Thousands of freed slave laborers lined the route,
clustered at corners in the towns, pausing for a moment and staring at the steel
parade. The German civilians were
awed by the power that rolled by.
Bivouacked for the night on the road overpassing the
Autobahn east of Naumburg, guards stopped several German vehicles passing along
the superhighway. The driver of one
vehicle didn’t hear the guards, but bullets stopped him.
As the cars burst into flames, two men escaped, while the other two, both
wounded, were pulled away from the wreckage.
One was asked if he had ammunition in the car.
While vigorously replying, “Nein, Nein,” the vehicle sounded off like
a corn popper. High sheets of flame
lighted up the entire area; the car burned for hours while the men sweated it
out beside the road.
The sun set each evening directly behind the long column;
to the Joe riding a tank, the objective was a river called the Elbe.
Scores of towns were passed, some of them providing a bed of 30
minutes’ notice – but the name of each was forgotten when the tanks had
passed the last house.
At Kohra, the Ninth Armored veered off; our objective was
now Leipzig. While the 2nd Division
attacked from the west, men of the 69th Division, in order to launch the attack,
drew a partial ring about the city, encircling the southern outskirts and
villages to the east of Leipzig.
The Battalion attacked the city on April 18.

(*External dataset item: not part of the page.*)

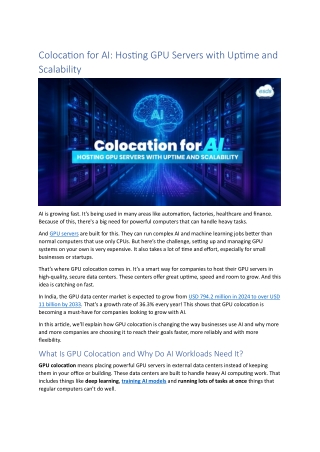 Colocation for AI: Hosting GPU Servers with Uptime and Scalability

After our stiff fight around the railroad station, our mission was
accomplished early the following morning, when contact was made with the 2nd
Division. During the night, B
Company, with the Battle Patrol and elements of the Battalion staff, stalked
silently the dark, sinister streets of the city and through the park to make
this contact.
Upon entering the city, many German civilians were in the
streets cheering and waving white flags. Mixed
among them were groups of slave laborers. From
somewhere a huge French flag was produced.
Some tried to push to the center of the street and press flowers and
glasses of beer on the soldiers. The
mass had to be threatened with rifles before it would withdraw to the building
line or inside the houses.
Following the capture of Leipzig, our Battalion withdrew to
towns north of the city, to await orders. Meanwhile,
reports about the Russians were circulating.
One newscast reported them 15 miles away.
Another declared that a juncture of the two armies had been made.
Next day, both reports were contradicted by a new one.
On the 26th of April, the Battalion did more than make
actual contact with the Russians. One
the road that stretched from the Mulde to the Elbe Rivers, the 1st Battalion
stood guard for the next two weeks and watched the headlines ride by.
The Russian honor escort sent to meet Major General Reinhardt and Major
General Hubner near Torgau was composed of twice-wounded veterans, plus an
interpreter who had to be helped with his translation by S Sgt. Mike Lewis, on
guard at that point.
The Battalion remembers the Russian soldier as he appeared
with his ever-present machine gun, the vodka bottles, and the long lines of
carts that hauled lumber to the bridge being built over the Elbe.
The war was over a few days later. The
Battalion’s successful combat history was ended in Europe.